* _Work task_:
Please repeat, exactly and without pictures, the lines of the entries below that run from the one containing "a bathroom with" through the one containing "Two tennis players embracing on the court".
Top of Input records
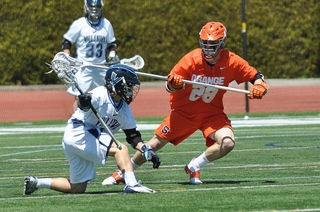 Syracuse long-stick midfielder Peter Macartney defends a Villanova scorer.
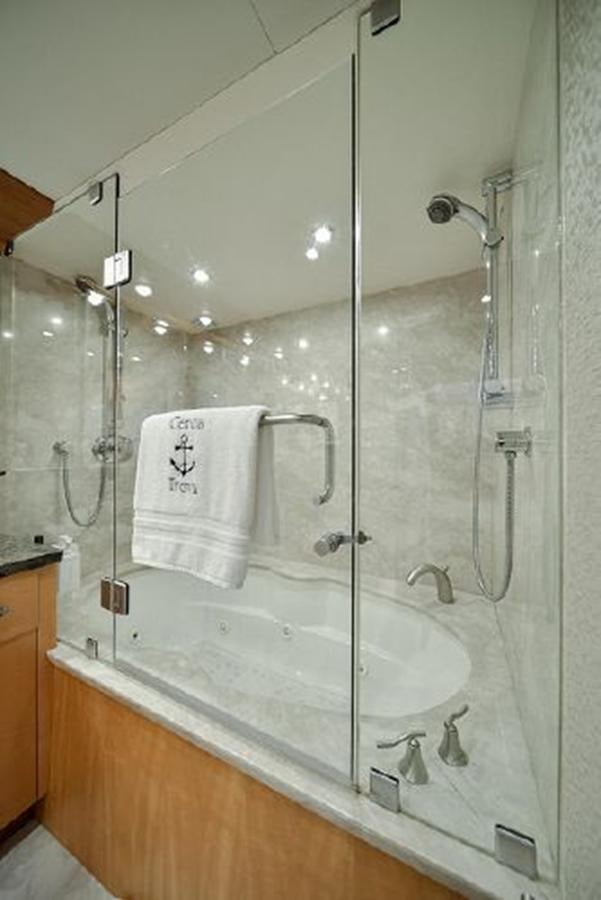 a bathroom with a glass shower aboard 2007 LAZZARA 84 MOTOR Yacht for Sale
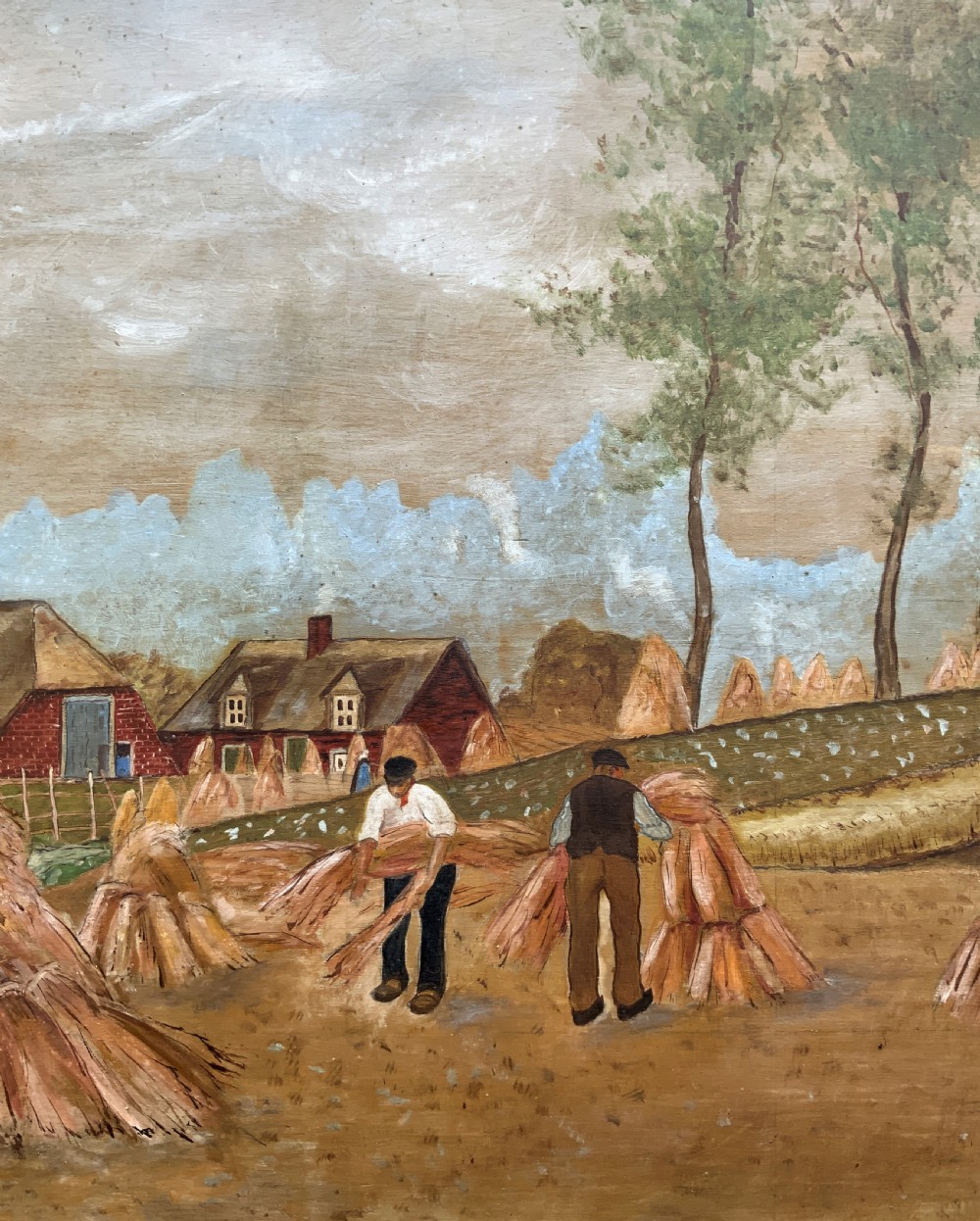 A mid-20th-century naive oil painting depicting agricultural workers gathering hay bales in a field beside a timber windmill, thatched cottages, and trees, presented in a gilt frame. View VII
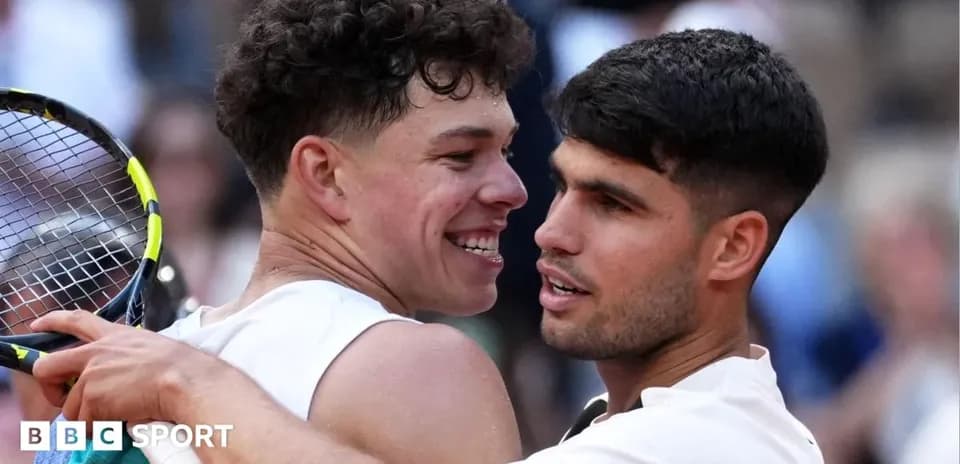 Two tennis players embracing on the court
Bottom of Input records
Top of Input records
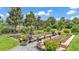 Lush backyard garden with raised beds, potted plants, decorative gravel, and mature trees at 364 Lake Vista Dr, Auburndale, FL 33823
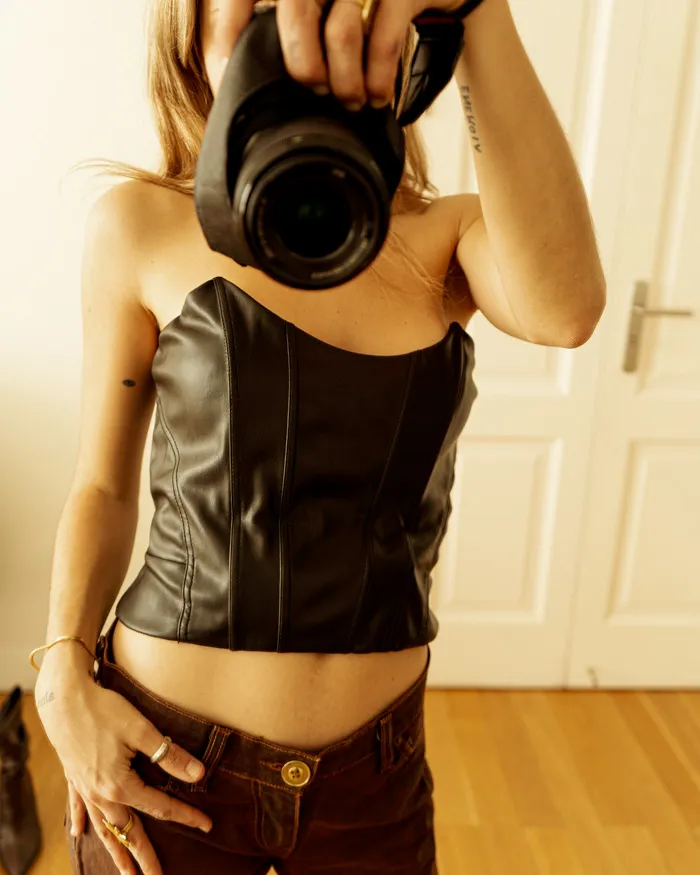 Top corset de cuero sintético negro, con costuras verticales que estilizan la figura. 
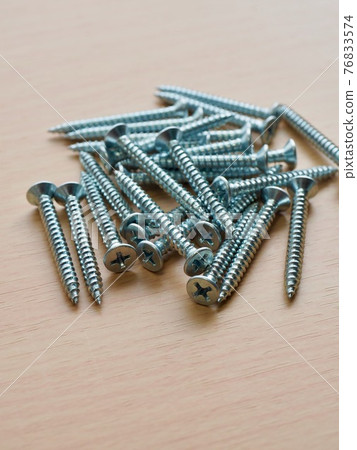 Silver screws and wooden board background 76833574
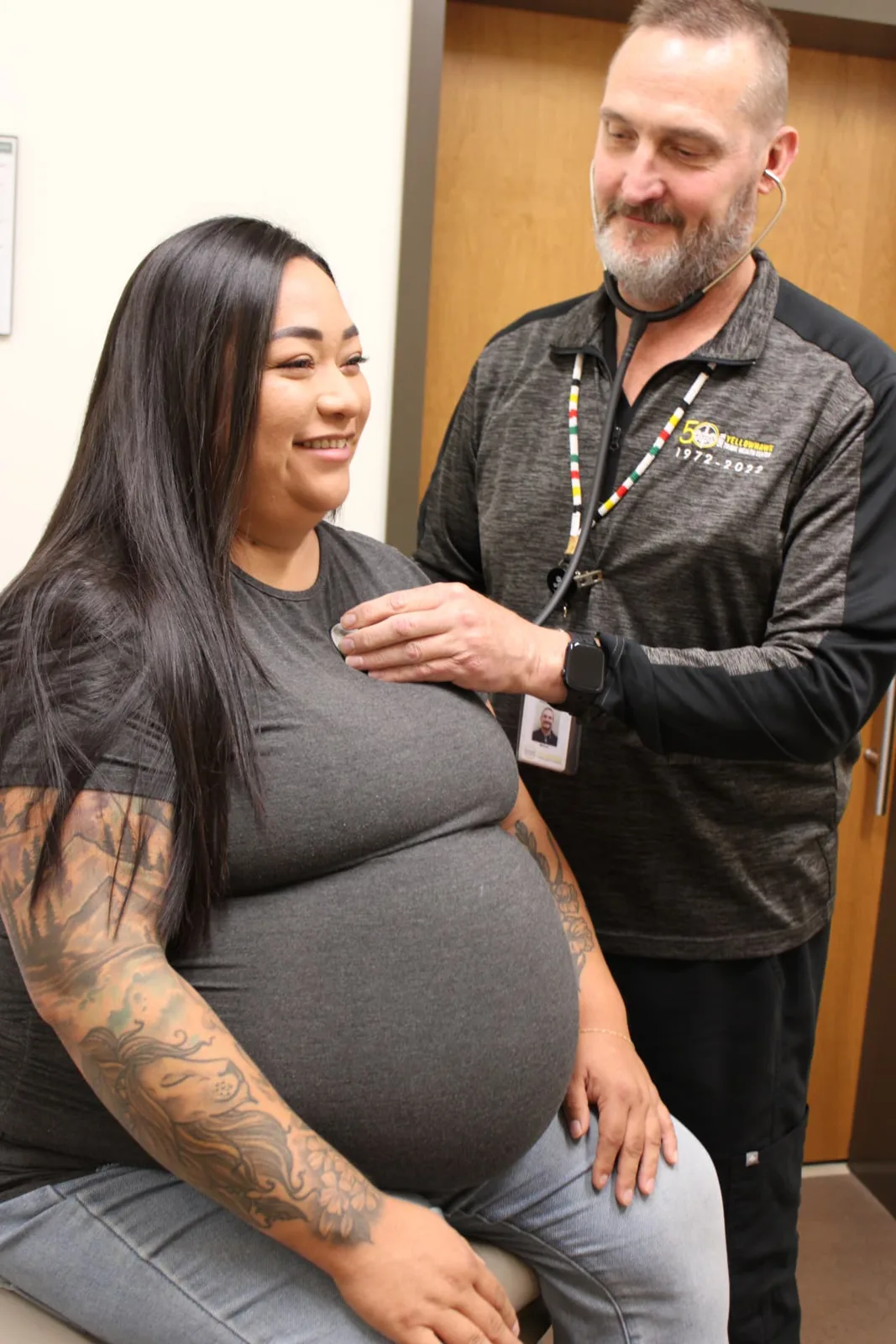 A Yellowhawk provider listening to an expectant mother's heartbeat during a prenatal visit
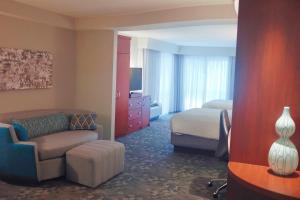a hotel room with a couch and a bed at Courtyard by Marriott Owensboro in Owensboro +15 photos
Bottom of Input records
* _Answer area_:
 a bathroom with a glass shower aboard 2007 LAZZARA 84 MOTOR Yacht for Sale
 A mid-20th-century naive oil painting depicting agricultural workers gathering hay bales in a field beside a timber windmill, thatched cottages, and trees, presented in a gilt frame. View VII
 Two tennis players embracing on the court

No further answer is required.